As you probably gathered, my quick trip to the bathroom turned into a high-speed journalistic investigation. The librarians were more than happy to answer all my questions and they didn’t even seem to mind the two little girls wandering behind me, getting into mischief. I’m thinking it’s quite common. With the very loud waterfall, talking doesn’t seem to be a problem in this library.
I should have guessed by the many levels, the low ceilings, the criss-cross grids of lines everywhere and the groovy 70’s architectural details that this building was designed by somebody noteworthy and cool. Of course it was!
It was designed by Richard Neutra and later finished by his son Dion. Neutra as in one of my favorite typefaces that I may or may not be guilty of over-using on every graphic design job that crosses my desk. There is an extensive article about his work here. (Somebody desperately needs to hook them up with a better web designer. Or maybe it’s just me.)
If that didn’t impress you enough, you might like to know that this library has a coffee shop in it’s lower floor. (I wanted to say basement but there is actually a basement and it’s not open to the public. I wonder what lurks down there…) So, yes, you can order a latte and sip it while you read your books and listen to the white noise of water cascading by your cafe table. Sadly, the barristas are not trained in latte art. I asked! But feel free to give them a hard time about it and tell them Secret Agent Josephine sent you. Of course a big tip might help too. The girls loved the children’s section, of course. I’ve actually taken Bug here before a long time ago for a show in their theatre. Yeah. There’s a theatre and about eleventy-seven rooms you can rent out for parties and weddings. It’s just an amazing building all around. Fishtanks and bubble walls, pencil machines (the girls’s favorite — bring quarters) a geneology room and an old fashioned conveyer belt that sorts books…wait, what?!! Yes, you read that right. The Huntington Beach Library was cutting edge at one time (a long long time ago) and they had a conveyer belt that would automatically bring books from the outside of the building into the center of the library and sort them into their right sections by robotics.

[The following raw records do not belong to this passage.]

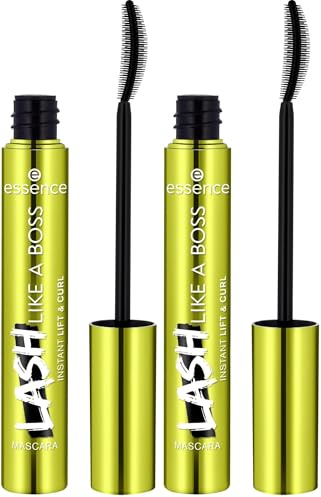 essence LASH LIKE A BOSS INSTANT LIFT & CURL MASCARA, Schwarz, langanhaltend, schwunggebend, sofortiges Ergebnis, vegan, ohne Mikroplastikpartikel, ohne Parfüm, ohne Alkohol, 2er Pack (9.5ml)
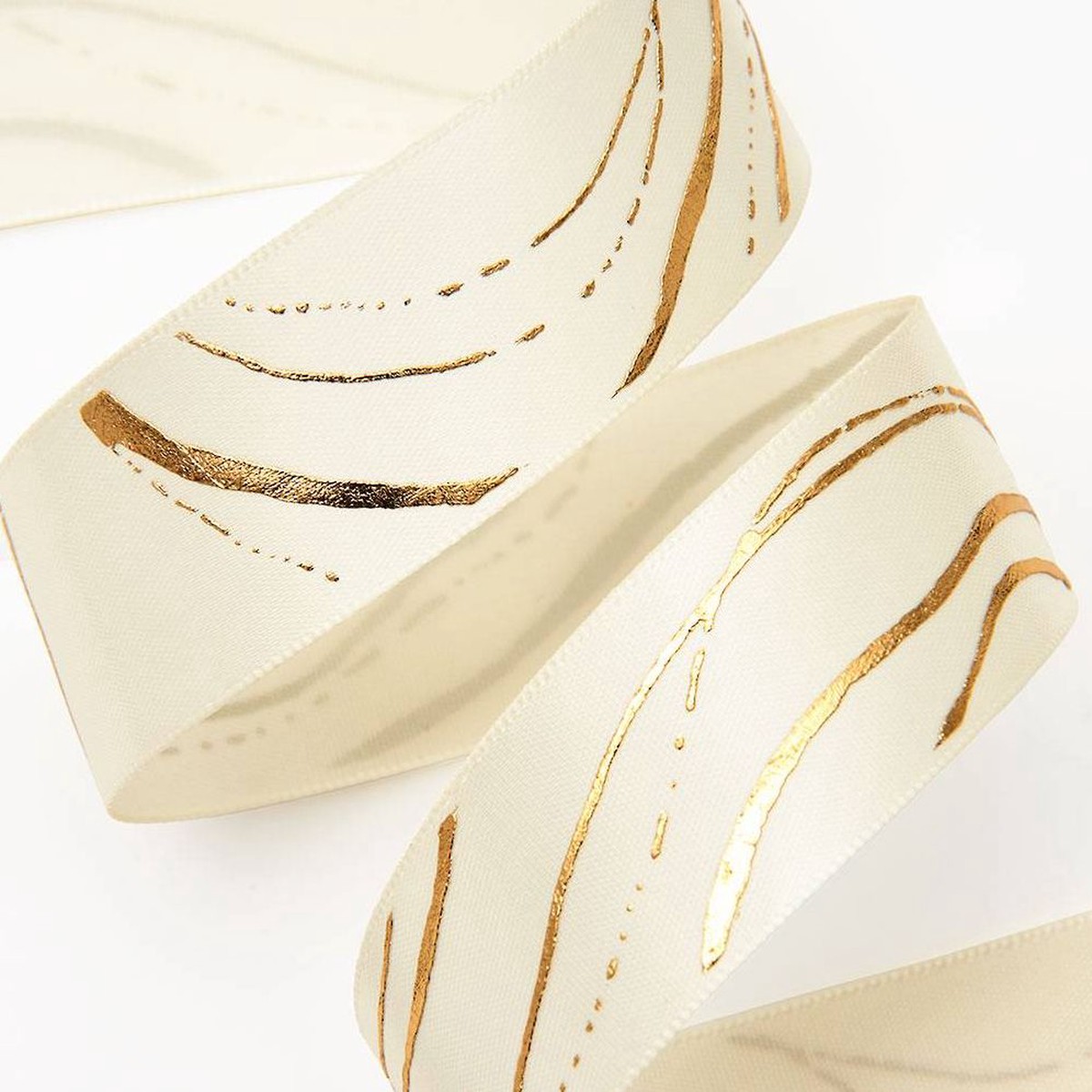 Cream/Gold Marble Ribbon 1″ 10 YD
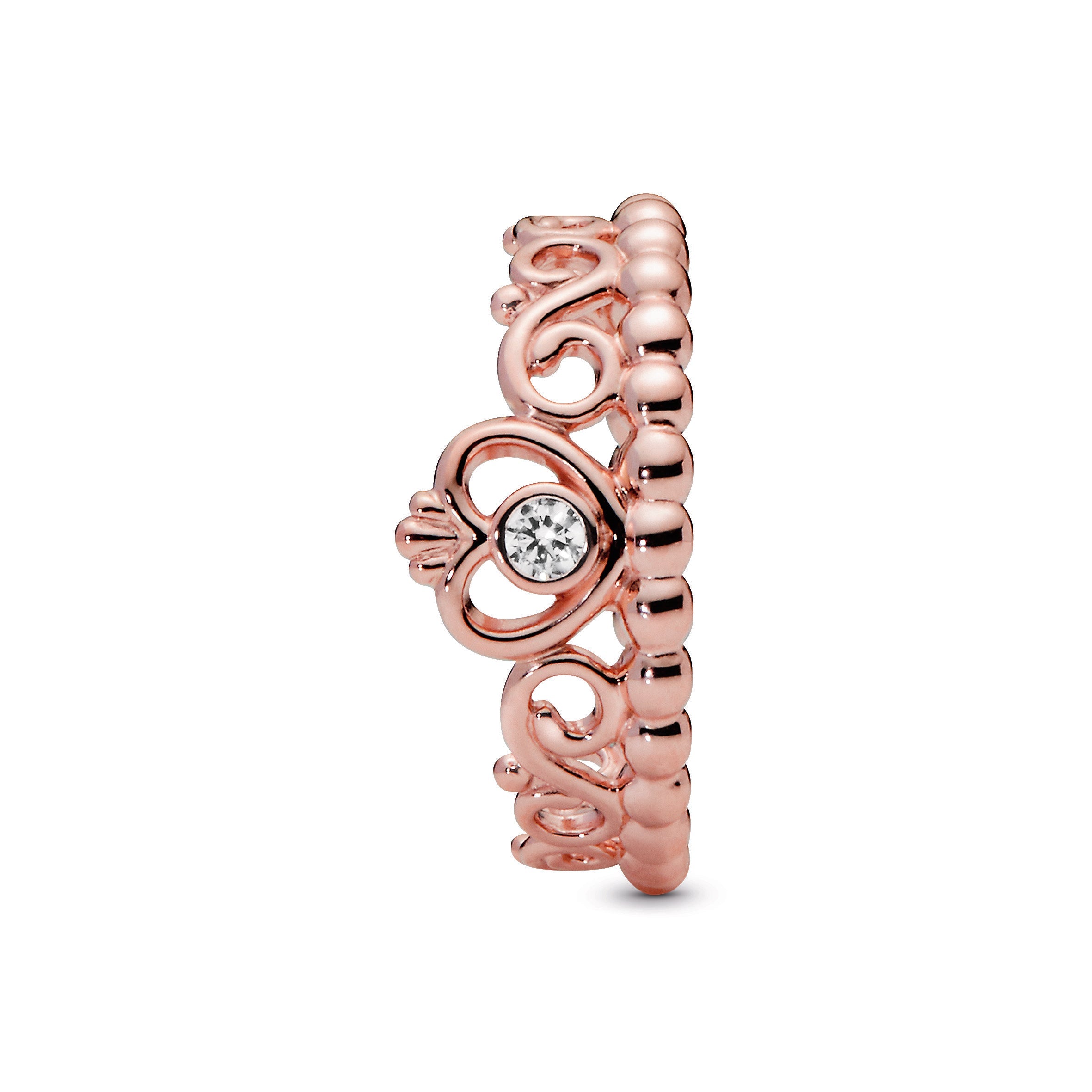 PANDORA Princess Tiara Crown Ring 14K Rose Gold Plated Unique Metal Blend Rings Statement Ring Jewelry Gift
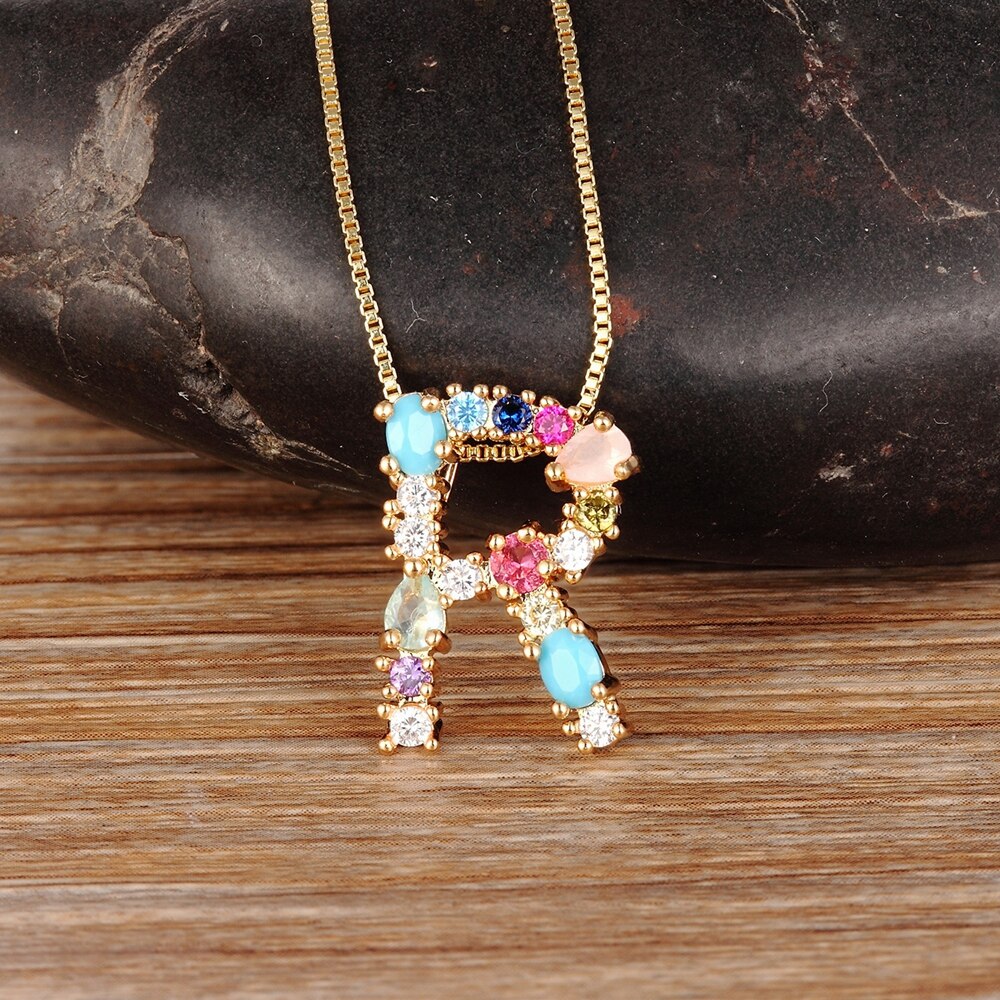 Nidin Hot Sale Rainbow Color Initial CZ Necklace Charm Letter Pendant Name Jewelry Women Accessories Fine Party Birthday Gift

Unfortunately, since the library was such an early adopter, the machine was one of the first of it’s kind and it broke down constantly. As you can see by my photo in the top right, it was quite big and clunky. It annoyed patrons with it’s irregular noises of books thunking and thudding along. The library finally shut it down for good about ten years ago and now they must use human power to carry the books wherever they go. Since it’s too costly to disassemble, there the wonder-conveyer-belt-of-yesteryear stays in the middle of the library like a dinosaur forever nodding to the inventions of yesterday.
Personally, I think it makes for the coolest story ever, right next to the story about the library being haunted by Mrs. Talbert (It’s true! Ask the friendly reference desk!) and the fountains outside that are not working because there is a leak in the moat.
A library with a moat. Now you can see why this place fascinates me. And I didn’t even check out one book. After my little exploration of the library we finally went back outside. I found a spot to plop myself down for a picnic and their girls were off on their own exploration. We didn’t even scratch the surface of this park. We could have explored for days. The girls played, I relaxed in the shade… Mud Park Schmud Park. We didn’t even care about it anymore.